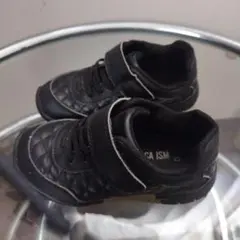 ブラック スニーカー 合成皮革風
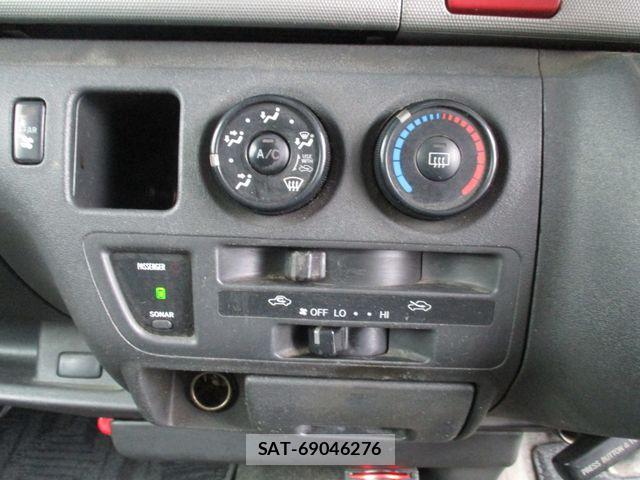 Toyota HIACE VAN 2006-04 8832151-17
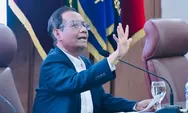 Mahfud MD 'Buka Kartu' Hukum 2025: Sindir Korupsi Pagar Laut hingga Whoosh yang Mandek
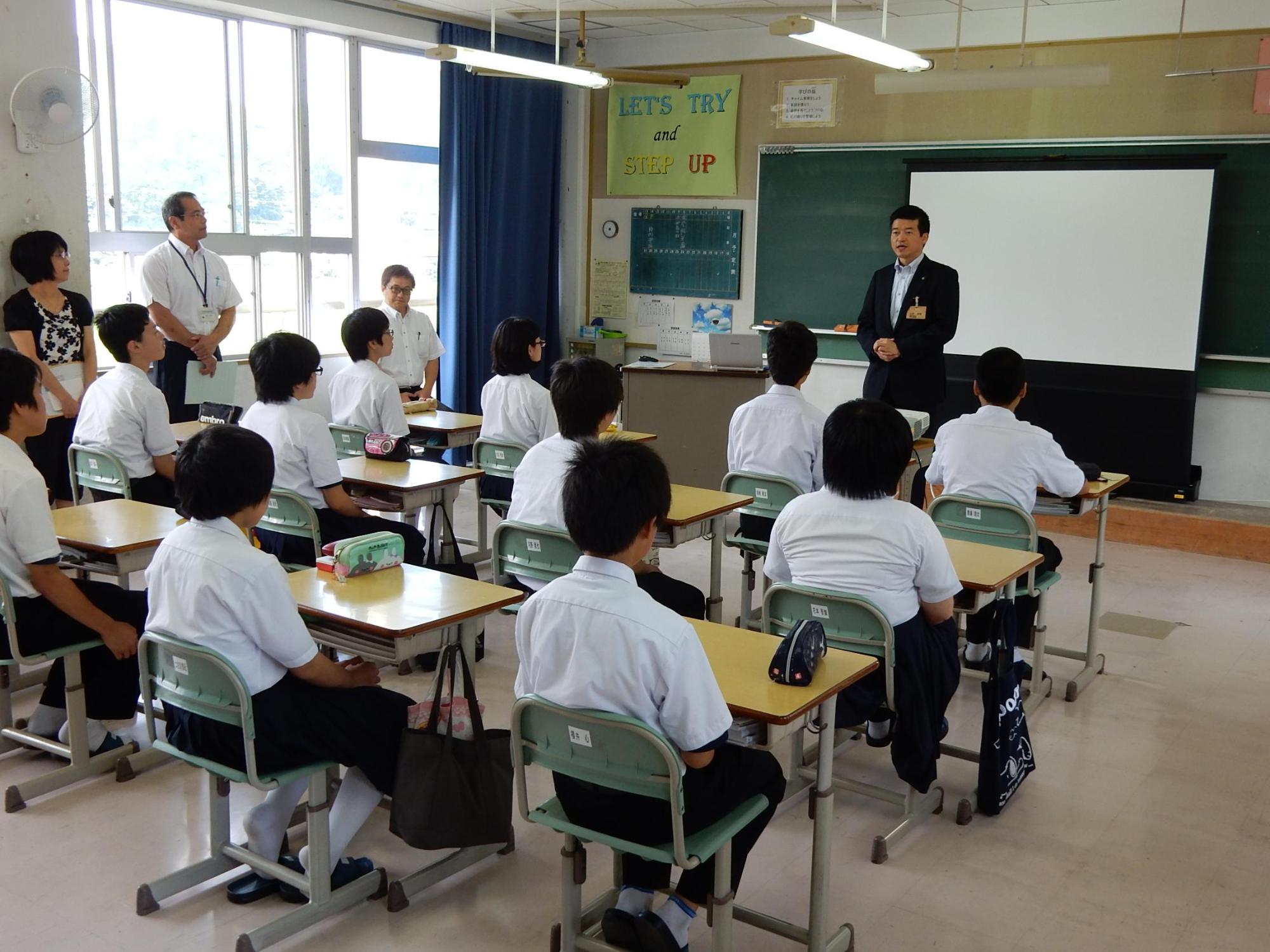 JPX起業体験プログラム事業導入授業視察にて挨拶をする市長の様子の写真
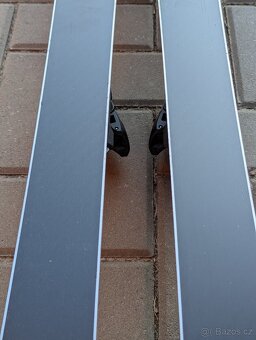 Prémiové švýcarské lyže AK RED, 175cm, 22/23 - 8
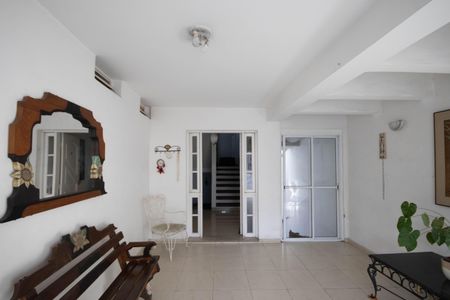 Casa para alugar com 264m², 4 quartos e 3 vagasHall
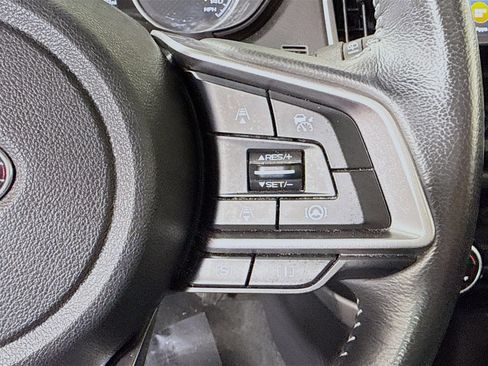 Used 2023 Subaru Forester Premium image 15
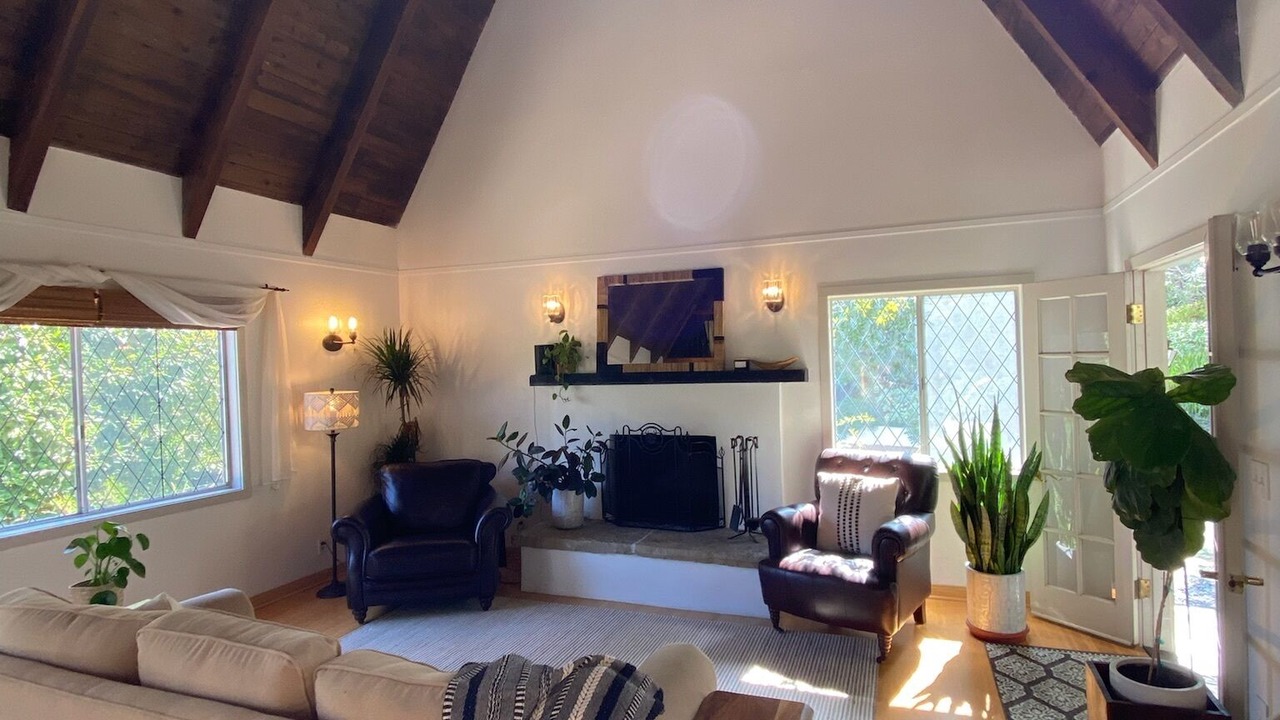 Photo of Livingroom in Goleta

▬▬▬

Work order = Reproduce each entry verbatim, excluding any embedded images.

Solution for this exercise =
 ブラック スニーカー 合成皮革風
 Toyota HIACE VAN 2006-04 8832151-17
 Mahfud MD 'Buka Kartu' Hukum 2025: Sindir Korupsi Pagar Laut hingga Whoosh yang Mandek
 JPX起業体験プログラム事業導入授業視察にて挨拶をする市長の様子の写真
 Prémiové švýcarské lyže AK RED, 175cm, 22/23 - 8
 Casa para alugar com 264m², 4 quartos e 3 vagasHall
 Used 2023 Subaru Forester Premium image 15
 Photo of Livingroom in Goleta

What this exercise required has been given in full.